→ **Problem description**
Your task is to copy every line of the entries that contains "Beretta".

→ **Input material**
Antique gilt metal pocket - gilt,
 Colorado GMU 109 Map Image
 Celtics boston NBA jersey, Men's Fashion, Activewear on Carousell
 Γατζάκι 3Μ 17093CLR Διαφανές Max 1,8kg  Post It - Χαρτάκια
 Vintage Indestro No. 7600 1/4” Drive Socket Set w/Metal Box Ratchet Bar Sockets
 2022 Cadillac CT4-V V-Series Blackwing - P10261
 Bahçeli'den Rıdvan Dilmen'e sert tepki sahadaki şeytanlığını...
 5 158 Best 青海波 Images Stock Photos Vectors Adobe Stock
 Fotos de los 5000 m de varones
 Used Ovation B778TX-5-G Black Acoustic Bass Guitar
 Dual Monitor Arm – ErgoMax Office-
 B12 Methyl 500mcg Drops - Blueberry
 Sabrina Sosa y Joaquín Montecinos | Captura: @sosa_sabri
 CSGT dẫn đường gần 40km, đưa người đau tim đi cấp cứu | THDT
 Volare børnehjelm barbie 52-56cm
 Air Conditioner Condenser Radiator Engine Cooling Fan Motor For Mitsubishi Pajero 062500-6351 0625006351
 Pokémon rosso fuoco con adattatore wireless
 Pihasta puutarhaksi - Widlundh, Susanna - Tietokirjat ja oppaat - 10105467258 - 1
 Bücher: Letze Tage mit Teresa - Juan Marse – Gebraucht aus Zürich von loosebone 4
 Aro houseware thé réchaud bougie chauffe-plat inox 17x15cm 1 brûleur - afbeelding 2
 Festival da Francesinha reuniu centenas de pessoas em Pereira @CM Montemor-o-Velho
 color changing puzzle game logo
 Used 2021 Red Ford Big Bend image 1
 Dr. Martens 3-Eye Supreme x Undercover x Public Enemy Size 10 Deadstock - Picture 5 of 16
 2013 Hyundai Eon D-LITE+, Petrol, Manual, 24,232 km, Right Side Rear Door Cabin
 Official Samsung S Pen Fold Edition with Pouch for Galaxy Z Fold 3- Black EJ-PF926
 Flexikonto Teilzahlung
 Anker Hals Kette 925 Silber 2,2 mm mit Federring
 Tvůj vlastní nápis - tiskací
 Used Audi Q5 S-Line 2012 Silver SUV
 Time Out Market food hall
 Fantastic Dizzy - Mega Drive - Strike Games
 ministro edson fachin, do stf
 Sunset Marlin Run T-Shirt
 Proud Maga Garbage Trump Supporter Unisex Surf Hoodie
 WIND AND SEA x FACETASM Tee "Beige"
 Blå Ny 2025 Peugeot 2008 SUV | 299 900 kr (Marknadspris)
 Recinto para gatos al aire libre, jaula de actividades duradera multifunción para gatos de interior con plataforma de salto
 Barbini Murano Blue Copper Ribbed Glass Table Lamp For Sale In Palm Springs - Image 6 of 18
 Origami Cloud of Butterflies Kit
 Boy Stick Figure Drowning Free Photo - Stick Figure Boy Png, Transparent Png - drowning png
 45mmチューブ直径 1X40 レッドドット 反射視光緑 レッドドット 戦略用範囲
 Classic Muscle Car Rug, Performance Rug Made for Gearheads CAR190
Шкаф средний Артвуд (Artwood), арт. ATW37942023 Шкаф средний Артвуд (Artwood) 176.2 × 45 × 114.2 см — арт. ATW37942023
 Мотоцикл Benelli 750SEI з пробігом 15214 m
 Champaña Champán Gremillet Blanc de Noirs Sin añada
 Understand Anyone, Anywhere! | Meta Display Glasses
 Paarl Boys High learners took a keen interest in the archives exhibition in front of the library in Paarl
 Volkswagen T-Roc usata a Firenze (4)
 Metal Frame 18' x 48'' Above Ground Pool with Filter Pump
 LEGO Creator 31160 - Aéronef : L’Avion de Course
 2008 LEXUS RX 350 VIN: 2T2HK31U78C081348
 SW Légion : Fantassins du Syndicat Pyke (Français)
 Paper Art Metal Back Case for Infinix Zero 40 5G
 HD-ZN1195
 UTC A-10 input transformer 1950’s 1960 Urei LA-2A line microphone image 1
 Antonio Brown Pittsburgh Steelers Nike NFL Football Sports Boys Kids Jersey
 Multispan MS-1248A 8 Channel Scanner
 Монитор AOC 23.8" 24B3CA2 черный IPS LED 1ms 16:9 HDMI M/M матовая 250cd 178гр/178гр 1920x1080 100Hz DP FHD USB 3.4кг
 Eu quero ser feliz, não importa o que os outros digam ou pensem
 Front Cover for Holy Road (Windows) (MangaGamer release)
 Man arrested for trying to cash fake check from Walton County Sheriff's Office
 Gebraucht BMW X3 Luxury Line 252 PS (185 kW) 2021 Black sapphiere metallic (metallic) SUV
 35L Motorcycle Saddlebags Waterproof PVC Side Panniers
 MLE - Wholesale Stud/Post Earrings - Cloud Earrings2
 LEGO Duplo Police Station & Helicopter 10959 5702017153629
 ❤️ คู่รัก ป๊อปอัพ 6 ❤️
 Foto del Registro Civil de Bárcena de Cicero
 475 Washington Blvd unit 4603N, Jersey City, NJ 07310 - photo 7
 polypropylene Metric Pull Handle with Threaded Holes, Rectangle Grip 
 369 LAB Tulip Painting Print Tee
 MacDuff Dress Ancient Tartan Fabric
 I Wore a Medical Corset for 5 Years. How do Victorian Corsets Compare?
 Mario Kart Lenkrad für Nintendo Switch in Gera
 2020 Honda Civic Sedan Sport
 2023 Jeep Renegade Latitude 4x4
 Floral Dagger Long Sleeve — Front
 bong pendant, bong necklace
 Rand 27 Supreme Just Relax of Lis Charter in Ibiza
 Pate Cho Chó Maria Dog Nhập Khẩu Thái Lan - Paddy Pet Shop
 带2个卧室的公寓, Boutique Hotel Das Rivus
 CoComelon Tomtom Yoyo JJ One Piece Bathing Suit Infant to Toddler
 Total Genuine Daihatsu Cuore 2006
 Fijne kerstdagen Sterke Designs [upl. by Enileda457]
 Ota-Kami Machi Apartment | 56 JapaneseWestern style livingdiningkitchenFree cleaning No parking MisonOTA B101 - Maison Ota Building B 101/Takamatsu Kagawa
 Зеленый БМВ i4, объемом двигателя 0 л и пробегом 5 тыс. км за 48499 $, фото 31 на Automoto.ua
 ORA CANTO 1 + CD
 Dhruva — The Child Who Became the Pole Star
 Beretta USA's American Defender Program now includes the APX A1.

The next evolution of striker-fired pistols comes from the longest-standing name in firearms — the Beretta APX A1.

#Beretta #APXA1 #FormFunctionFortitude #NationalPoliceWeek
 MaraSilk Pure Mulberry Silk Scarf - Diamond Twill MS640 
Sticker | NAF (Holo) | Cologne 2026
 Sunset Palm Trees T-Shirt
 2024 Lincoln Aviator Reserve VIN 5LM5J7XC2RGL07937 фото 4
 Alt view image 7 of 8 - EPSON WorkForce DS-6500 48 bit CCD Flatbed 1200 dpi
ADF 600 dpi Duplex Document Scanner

→ **Response below**
 Beretta USA's American Defender Program now includes the APX A1.
The next evolution of striker-fired pistols comes from the longest-standing name in firearms — the Beretta APX A1.
#Beretta #APXA1 #FormFunctionFortitude #NationalPoliceWeek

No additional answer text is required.